Exercise data
___

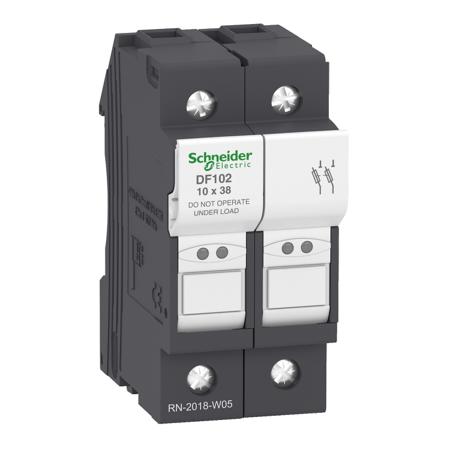DF102 Schneider Electric 32A Rail Mount Fuse Holder for 10 x 38mm Fuse, 2P, 690V ac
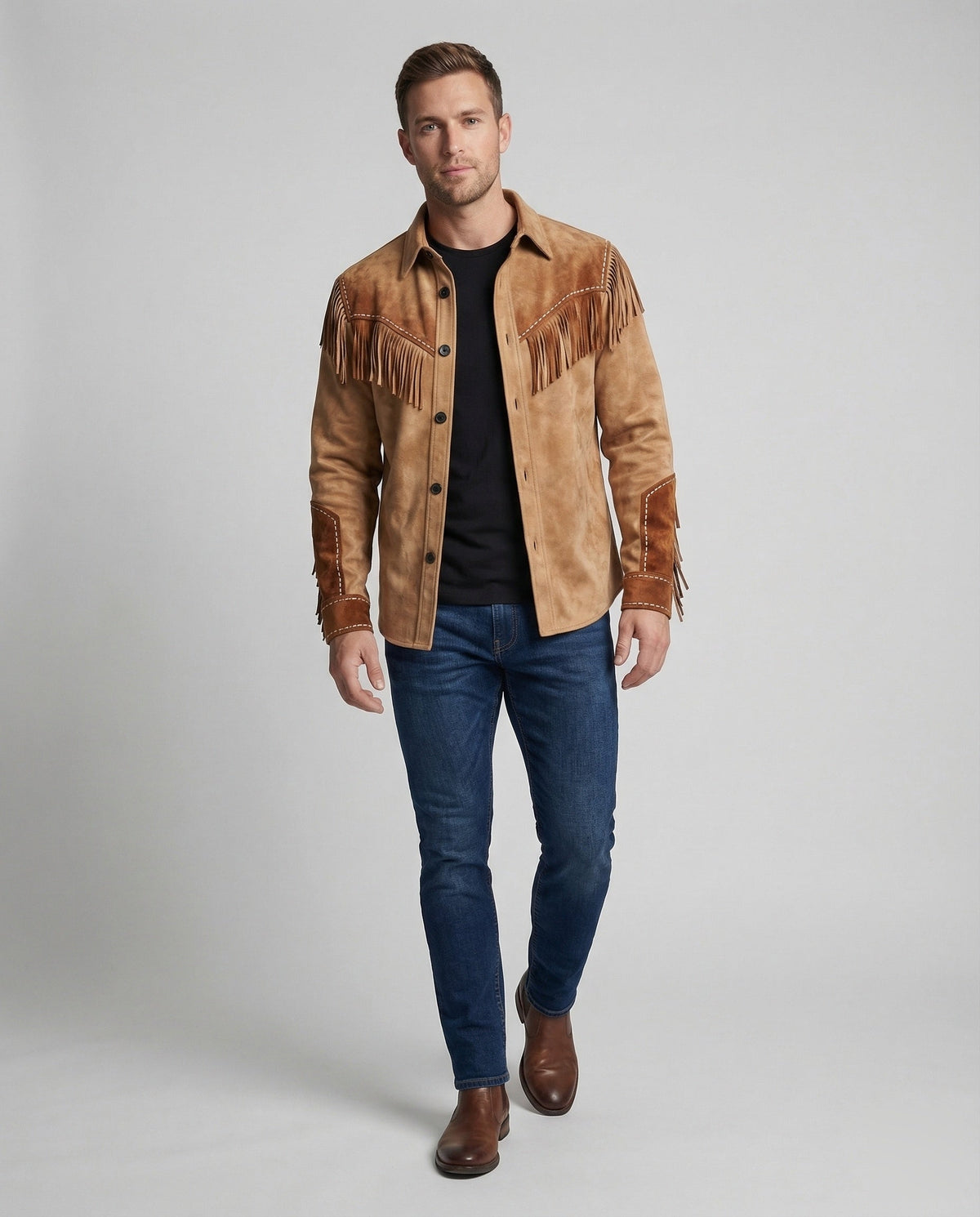 Camisa estilo occidental con flecos y bordados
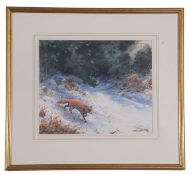 Simon T. Trinder (British, contemporary) "Fox and Woodcock", watercolour, signed, dated 2005, framed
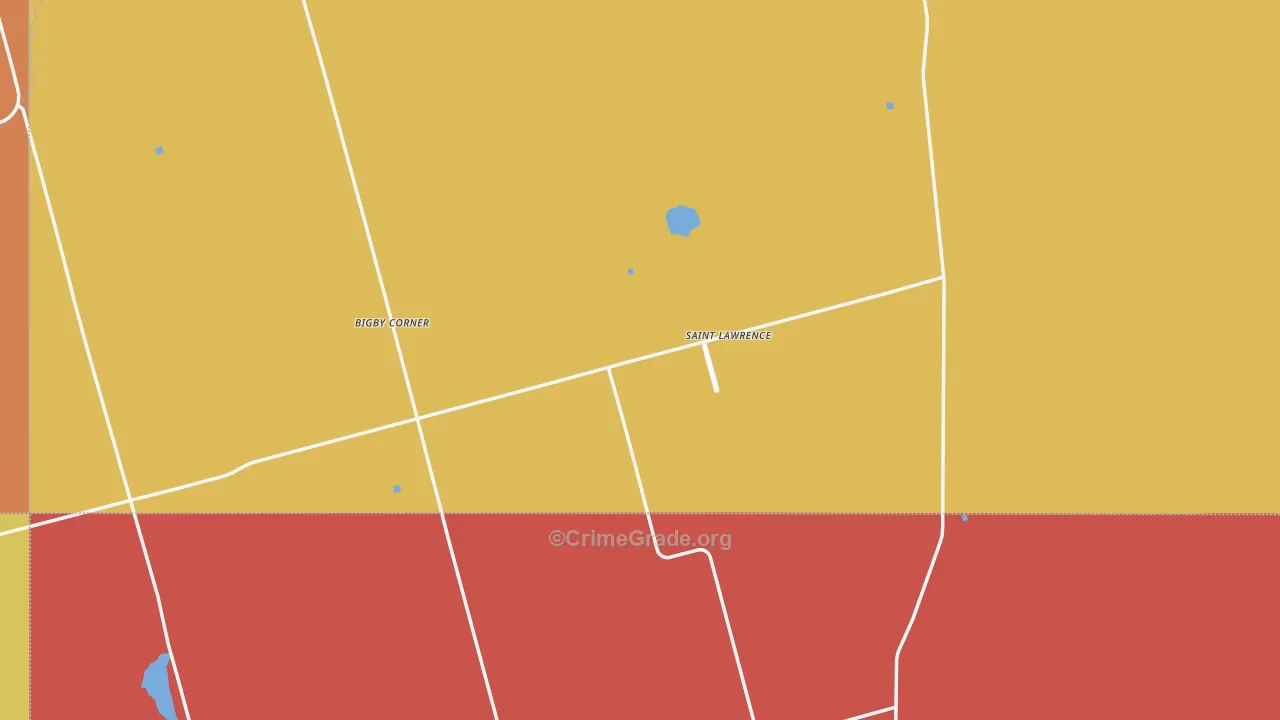 St. Lawrence, TX Map of Robbery Rates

___

The problem
With pictures excluded, restate word for word the lines from the one that contains "Simon T. Trinder" through the end of the material, inclusive, and nothing more.

Reply
 Simon T. Trinder (British, contemporary) "Fox and Woodcock", watercolour, signed, dated 2005, framed
 St. Lawrence, TX Map of Robbery Rates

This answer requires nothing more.